What is needed ▸ Two lines mark the range in the entries below: the one holding "Hello and welcome" and the one holding "Here's the file". Set down those two and all lines between them, exactly.
+++
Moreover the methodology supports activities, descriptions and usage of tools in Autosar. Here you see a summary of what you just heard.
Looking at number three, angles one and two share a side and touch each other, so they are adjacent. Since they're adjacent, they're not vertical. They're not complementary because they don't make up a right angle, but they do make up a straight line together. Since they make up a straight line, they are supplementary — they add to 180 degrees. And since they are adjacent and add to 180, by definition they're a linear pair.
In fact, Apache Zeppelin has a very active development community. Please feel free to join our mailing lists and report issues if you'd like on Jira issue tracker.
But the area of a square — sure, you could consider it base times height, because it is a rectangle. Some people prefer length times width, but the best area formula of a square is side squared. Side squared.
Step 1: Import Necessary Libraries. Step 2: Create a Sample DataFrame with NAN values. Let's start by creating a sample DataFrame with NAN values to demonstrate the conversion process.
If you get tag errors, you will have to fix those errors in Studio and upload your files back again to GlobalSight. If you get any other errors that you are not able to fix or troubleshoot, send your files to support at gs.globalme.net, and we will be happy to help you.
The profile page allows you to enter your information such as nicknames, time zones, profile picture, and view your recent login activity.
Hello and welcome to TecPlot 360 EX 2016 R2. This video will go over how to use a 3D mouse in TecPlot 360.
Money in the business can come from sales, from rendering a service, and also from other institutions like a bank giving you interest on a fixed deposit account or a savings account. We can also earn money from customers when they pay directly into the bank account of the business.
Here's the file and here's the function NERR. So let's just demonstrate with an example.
+++
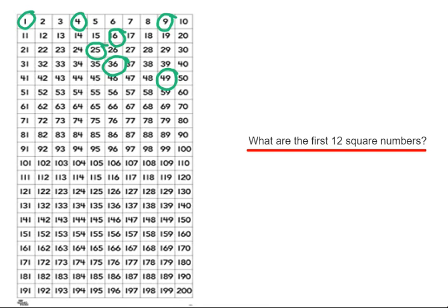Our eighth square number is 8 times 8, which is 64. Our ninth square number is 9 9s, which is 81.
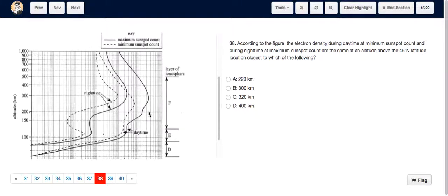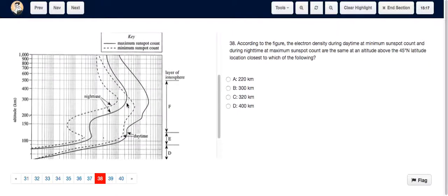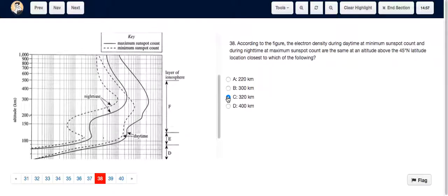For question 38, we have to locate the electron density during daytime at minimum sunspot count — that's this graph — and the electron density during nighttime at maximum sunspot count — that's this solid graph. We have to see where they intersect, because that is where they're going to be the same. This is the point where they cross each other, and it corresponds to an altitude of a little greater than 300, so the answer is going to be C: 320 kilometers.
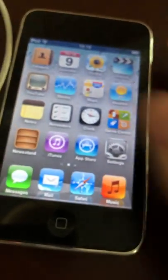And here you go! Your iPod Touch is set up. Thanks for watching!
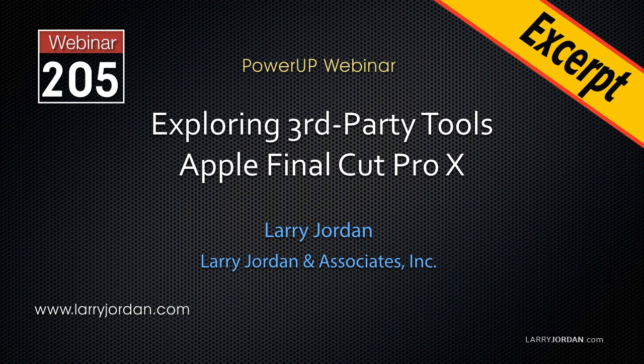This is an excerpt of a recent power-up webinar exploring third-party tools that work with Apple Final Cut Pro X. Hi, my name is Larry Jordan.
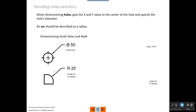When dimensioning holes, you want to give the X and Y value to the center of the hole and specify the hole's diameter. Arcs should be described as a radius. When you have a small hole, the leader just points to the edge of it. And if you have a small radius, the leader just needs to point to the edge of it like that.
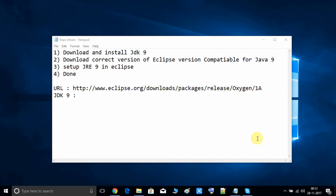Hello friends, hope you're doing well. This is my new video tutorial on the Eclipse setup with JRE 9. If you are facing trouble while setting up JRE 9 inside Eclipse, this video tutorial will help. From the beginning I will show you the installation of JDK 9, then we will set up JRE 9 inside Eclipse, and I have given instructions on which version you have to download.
+++
Result for this task ▸
Hello and welcome to TecPlot 360 EX 2016 R2. This video will go over how to use a 3D mouse in TecPlot 360.
Money in the business can come from sales, from rendering a service, and also from other institutions like a bank giving you interest on a fixed deposit account or a savings account. We can also earn money from customers when they pay directly into the bank account of the business.
Here's the file and here's the function NERR. So let's just demonstrate with an example.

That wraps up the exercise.